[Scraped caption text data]

■ ■ ■ ■ ■

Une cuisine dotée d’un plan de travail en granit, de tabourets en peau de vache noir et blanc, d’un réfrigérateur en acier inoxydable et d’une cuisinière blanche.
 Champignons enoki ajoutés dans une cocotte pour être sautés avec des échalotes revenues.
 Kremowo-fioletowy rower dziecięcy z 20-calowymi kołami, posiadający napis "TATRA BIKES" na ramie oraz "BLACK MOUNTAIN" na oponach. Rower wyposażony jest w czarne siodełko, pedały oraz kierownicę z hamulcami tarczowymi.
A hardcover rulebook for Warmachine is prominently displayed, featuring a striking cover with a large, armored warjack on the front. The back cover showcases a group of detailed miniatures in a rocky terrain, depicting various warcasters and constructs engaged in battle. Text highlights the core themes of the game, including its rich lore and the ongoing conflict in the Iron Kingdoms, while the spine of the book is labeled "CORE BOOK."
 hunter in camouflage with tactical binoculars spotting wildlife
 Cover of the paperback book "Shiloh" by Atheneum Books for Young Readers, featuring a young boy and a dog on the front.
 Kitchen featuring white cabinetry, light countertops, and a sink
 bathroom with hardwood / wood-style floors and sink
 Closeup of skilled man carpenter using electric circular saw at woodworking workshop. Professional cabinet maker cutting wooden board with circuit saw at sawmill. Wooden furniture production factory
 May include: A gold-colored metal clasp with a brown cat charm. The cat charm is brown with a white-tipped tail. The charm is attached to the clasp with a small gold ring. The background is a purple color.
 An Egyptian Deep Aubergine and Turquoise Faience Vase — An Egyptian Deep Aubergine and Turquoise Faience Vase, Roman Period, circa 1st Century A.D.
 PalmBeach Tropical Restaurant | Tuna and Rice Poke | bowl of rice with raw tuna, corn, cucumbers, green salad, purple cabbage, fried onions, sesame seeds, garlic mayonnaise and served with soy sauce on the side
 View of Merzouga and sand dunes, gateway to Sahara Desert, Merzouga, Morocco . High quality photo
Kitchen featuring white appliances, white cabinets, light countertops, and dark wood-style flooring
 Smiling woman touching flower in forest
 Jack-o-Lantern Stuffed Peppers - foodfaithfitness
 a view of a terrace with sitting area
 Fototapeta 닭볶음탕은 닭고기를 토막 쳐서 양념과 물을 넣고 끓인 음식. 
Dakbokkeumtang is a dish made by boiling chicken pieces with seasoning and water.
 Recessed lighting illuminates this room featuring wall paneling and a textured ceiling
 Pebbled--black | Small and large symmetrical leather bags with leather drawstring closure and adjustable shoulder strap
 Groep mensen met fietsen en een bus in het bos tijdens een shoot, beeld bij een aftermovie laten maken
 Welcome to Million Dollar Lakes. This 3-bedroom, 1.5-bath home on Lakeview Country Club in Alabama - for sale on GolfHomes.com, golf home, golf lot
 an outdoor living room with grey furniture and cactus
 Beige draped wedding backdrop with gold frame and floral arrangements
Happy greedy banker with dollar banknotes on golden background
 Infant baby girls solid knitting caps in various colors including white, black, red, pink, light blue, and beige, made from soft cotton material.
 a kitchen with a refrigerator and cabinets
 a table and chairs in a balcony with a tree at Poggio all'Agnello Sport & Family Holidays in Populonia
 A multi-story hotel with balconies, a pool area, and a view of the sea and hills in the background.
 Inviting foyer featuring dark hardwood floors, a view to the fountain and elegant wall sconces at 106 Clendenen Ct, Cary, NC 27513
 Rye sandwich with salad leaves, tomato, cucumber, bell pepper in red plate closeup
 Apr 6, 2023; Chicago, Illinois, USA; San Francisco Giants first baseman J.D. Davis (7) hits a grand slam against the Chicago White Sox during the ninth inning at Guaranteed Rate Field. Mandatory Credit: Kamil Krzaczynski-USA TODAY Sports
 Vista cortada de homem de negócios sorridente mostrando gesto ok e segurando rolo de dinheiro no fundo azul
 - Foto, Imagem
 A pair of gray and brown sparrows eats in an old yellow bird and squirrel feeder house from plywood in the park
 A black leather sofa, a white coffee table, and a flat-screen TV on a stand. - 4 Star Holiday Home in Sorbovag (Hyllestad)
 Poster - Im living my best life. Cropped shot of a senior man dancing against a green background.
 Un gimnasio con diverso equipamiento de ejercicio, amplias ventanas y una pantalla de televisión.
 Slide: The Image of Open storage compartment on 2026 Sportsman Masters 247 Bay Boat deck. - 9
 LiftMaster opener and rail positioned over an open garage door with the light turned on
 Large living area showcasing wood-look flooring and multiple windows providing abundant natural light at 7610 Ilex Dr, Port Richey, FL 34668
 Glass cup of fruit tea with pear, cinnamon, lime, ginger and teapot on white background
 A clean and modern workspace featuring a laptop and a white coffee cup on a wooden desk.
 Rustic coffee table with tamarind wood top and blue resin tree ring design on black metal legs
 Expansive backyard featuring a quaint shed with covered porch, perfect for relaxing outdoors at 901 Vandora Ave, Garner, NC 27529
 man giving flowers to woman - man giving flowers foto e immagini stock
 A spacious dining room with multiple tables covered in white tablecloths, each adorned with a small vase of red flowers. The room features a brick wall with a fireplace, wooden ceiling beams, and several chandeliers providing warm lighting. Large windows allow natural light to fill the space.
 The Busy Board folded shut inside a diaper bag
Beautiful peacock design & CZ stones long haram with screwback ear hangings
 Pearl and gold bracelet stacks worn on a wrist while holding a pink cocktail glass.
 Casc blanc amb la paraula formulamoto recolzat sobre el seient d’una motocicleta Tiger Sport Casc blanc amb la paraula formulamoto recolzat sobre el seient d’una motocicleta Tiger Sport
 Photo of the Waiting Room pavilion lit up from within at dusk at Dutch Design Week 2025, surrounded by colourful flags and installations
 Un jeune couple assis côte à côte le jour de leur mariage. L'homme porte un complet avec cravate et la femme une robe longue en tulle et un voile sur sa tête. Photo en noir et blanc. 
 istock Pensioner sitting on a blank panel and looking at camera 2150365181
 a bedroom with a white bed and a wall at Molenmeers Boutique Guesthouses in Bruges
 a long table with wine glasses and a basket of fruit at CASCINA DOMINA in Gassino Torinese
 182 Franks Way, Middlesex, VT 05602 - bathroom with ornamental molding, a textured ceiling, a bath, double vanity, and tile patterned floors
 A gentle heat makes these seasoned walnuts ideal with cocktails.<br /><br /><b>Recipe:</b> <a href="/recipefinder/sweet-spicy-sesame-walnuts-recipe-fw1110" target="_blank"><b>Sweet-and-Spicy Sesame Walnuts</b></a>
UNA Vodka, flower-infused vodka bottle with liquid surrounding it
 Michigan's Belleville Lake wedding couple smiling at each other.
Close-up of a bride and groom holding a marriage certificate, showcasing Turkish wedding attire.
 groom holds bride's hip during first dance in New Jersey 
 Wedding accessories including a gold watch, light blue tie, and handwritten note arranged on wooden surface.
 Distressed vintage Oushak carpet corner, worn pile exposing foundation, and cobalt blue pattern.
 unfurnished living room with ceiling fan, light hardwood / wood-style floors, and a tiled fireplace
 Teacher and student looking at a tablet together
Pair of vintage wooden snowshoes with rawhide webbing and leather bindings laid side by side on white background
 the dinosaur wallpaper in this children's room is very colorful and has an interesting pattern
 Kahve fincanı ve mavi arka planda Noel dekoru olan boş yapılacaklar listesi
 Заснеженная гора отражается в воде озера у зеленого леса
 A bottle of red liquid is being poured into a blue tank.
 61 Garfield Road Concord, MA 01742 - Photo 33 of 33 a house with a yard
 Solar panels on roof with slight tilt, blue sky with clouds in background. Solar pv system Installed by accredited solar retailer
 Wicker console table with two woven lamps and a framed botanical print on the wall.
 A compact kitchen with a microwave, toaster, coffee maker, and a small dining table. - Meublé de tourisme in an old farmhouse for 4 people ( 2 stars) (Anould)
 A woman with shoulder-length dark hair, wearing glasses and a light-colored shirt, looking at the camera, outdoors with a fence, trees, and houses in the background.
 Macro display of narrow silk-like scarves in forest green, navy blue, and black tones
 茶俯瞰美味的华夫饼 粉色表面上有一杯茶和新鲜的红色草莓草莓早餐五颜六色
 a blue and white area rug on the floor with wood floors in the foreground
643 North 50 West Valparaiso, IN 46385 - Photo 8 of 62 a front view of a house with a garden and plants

■ ■ ■ ■ ■

Given the records above, restate word for word only the lines starting at the one with "PalmBeach Tropical Restaurant" and ending at the one with "a kitchen with a refrigerator and cabinets".

## EXERCISE ANSWER
 PalmBeach Tropical Restaurant | Tuna and Rice Poke | bowl of rice with raw tuna, corn, cucumbers, green salad, purple cabbage, fried onions, sesame seeds, garlic mayonnaise and served with soy sauce on the side
 View of Merzouga and sand dunes, gateway to Sahara Desert, Merzouga, Morocco . High quality photo
Kitchen featuring white appliances, white cabinets, light countertops, and dark wood-style flooring
 Smiling woman touching flower in forest
 Jack-o-Lantern Stuffed Peppers - foodfaithfitness
 a view of a terrace with sitting area
 Fototapeta 닭볶음탕은 닭고기를 토막 쳐서 양념과 물을 넣고 끓인 음식. 
Dakbokkeumtang is a dish made by boiling chicken pieces with seasoning and water.
 Recessed lighting illuminates this room featuring wall paneling and a textured ceiling
 Pebbled--black | Small and large symmetrical leather bags with leather drawstring closure and adjustable shoulder strap
 Groep mensen met fietsen en een bus in het bos tijdens een shoot, beeld bij een aftermovie laten maken
 Welcome to Million Dollar Lakes. This 3-bedroom, 1.5-bath home on Lakeview Country Club in Alabama - for sale on GolfHomes.com, golf home, golf lot
 an outdoor living room with grey furniture and cactus
 Beige draped wedding backdrop with gold frame and floral arrangements
Happy greedy banker with dollar banknotes on golden background
 Infant baby girls solid knitting caps in various colors including white, black, red, pink, light blue, and beige, made from soft cotton material.
 a kitchen with a refrigerator and cabinets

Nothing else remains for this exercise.